**What you will do:**
Among the entries below, retype exactly the lines starting with the one with "Релиз Lost in the Woods" and going on through the one with "SharkBay_fish_corals-300x224-1", but not the pictures.

Brief descriptive captions:

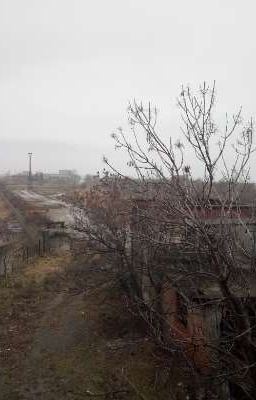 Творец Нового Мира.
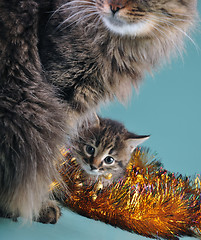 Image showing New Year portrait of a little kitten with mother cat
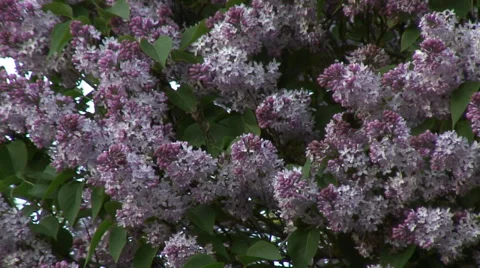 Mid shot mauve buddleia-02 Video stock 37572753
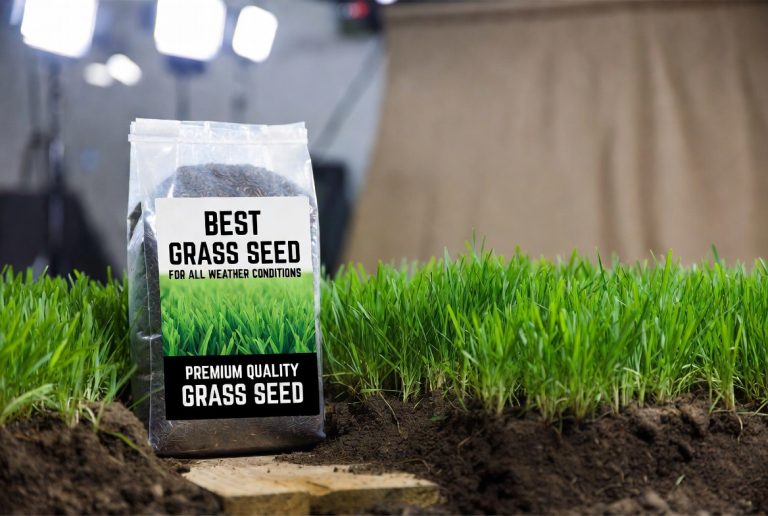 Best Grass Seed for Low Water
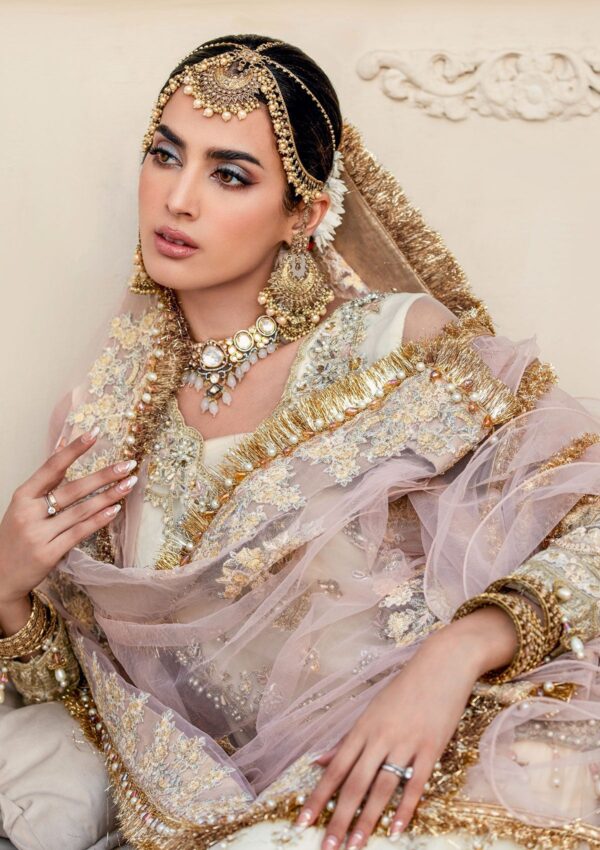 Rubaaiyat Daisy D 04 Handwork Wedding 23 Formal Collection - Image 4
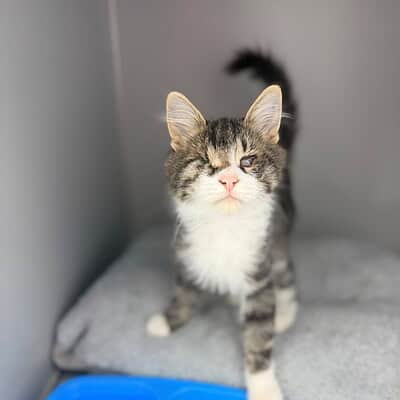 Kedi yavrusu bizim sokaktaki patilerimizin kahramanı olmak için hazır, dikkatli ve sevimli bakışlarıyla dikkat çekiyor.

--

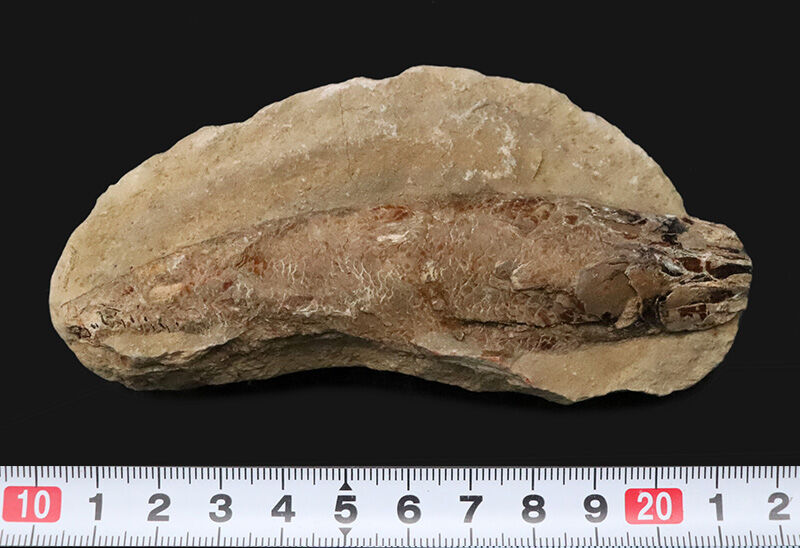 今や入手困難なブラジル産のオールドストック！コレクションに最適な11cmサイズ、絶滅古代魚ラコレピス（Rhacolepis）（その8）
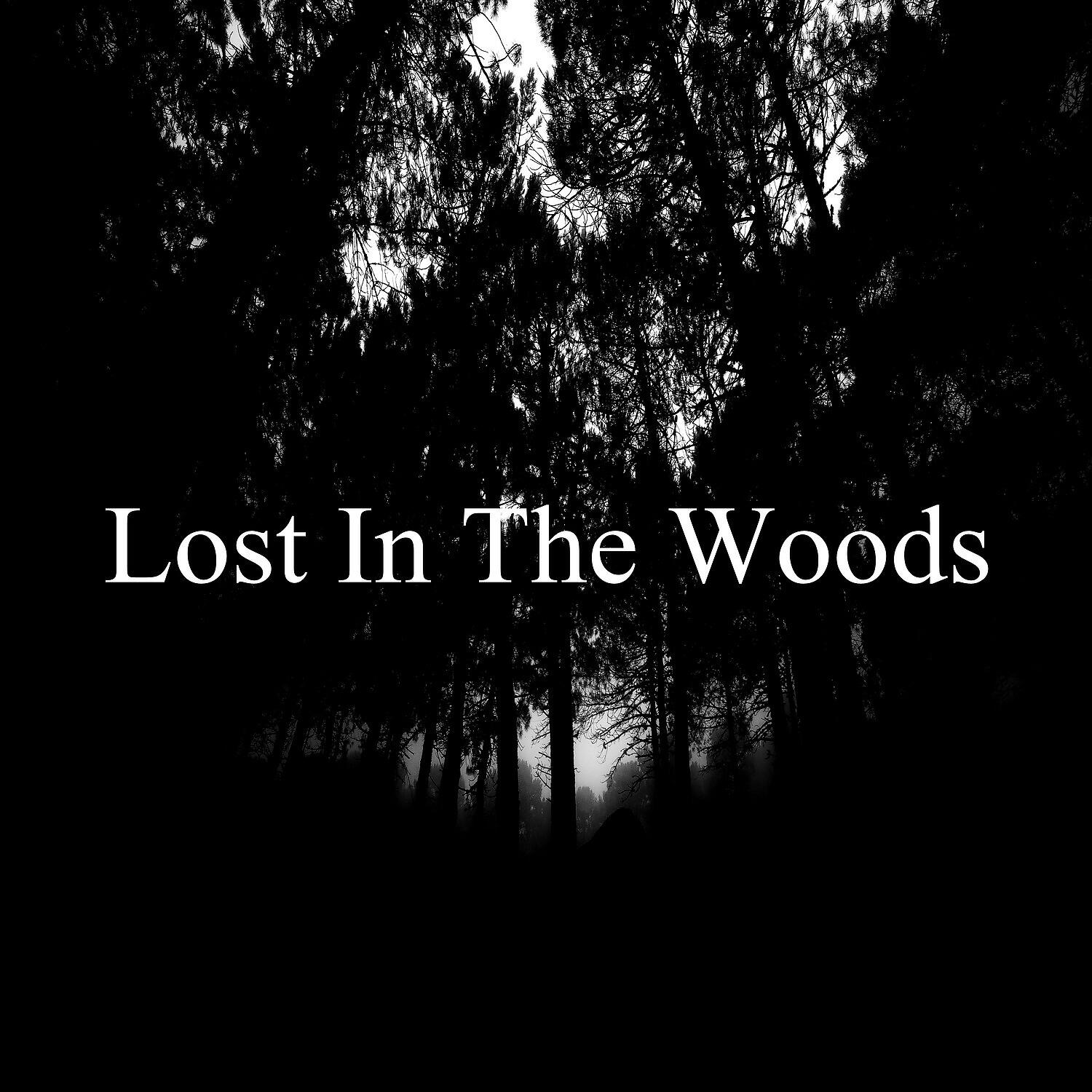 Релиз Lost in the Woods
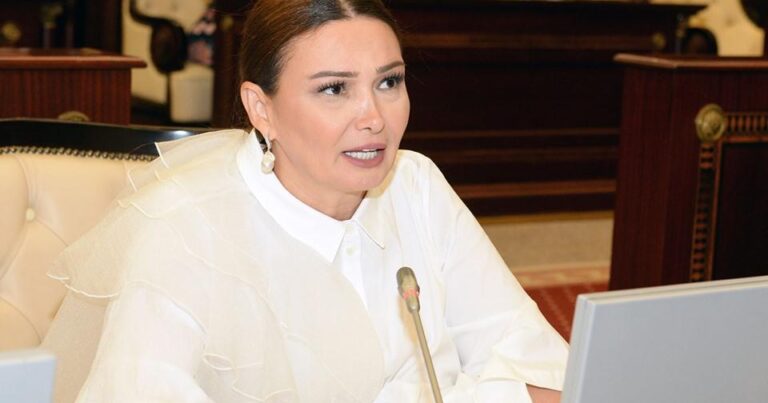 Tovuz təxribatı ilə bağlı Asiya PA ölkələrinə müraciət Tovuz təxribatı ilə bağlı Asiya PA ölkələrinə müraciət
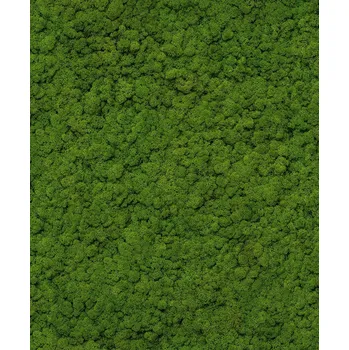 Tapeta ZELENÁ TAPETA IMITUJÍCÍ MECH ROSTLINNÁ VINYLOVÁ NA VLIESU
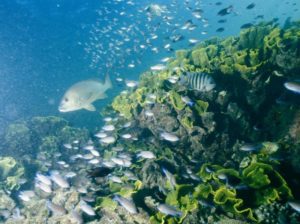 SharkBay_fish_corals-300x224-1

**Written solution:**
 Релиз Lost in the Woods
 Tovuz təxribatı ilə bağlı Asiya PA ölkələrinə müraciət Tovuz təxribatı ilə bağlı Asiya PA ölkələrinə müraciət
 Tapeta ZELENÁ TAPETA IMITUJÍCÍ MECH ROSTLINNÁ VINYLOVÁ NA VLIESU
 SharkBay_fish_corals-300x224-1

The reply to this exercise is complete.